_PROMPT:_ Below are entries. Reproduce exactly the lines between the line holding "Women Maille - Women" and the line holding "Chinese Ancient Blueing", inclusive, and only those.

[Source data]
***

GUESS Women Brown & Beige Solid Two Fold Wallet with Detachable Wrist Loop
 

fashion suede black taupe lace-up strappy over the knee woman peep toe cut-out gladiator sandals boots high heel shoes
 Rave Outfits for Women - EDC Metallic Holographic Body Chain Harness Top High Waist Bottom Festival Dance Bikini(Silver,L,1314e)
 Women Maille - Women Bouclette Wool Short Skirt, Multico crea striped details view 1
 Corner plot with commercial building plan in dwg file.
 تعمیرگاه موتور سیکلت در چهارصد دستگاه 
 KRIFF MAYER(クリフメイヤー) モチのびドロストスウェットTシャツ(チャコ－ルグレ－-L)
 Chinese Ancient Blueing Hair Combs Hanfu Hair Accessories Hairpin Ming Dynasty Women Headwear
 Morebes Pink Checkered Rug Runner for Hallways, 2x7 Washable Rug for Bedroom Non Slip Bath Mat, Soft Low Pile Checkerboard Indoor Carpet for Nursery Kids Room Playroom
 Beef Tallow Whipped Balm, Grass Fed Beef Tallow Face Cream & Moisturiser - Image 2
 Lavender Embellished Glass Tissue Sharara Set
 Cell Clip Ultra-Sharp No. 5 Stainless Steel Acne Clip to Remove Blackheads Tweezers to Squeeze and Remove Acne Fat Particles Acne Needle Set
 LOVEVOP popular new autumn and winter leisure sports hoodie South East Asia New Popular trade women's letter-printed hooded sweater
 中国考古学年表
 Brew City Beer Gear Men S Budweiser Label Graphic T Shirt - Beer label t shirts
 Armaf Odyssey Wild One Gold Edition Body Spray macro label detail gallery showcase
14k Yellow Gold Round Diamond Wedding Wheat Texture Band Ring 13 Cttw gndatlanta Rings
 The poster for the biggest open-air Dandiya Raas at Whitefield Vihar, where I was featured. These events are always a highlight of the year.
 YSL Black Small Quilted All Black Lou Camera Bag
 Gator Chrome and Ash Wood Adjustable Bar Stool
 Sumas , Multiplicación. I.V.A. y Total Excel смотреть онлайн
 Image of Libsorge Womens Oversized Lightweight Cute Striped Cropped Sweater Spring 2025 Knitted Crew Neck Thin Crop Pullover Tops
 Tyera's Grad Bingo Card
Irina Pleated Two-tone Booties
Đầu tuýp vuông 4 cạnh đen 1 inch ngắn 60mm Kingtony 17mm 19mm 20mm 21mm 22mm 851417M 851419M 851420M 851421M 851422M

***

_RESPONSE TO THIS TASK:_
 Women Maille - Women Bouclette Wool Short Skirt, Multico crea striped details view 1
 Corner plot with commercial building plan in dwg file.
 تعمیرگاه موتور سیکلت در چهارصد دستگاه 
 KRIFF MAYER(クリフメイヤー) モチのびドロストスウェットTシャツ(チャコ－ルグレ－-L)
 Chinese Ancient Blueing Hair Combs Hanfu Hair Accessories Hairpin Ming Dynasty Women Headwear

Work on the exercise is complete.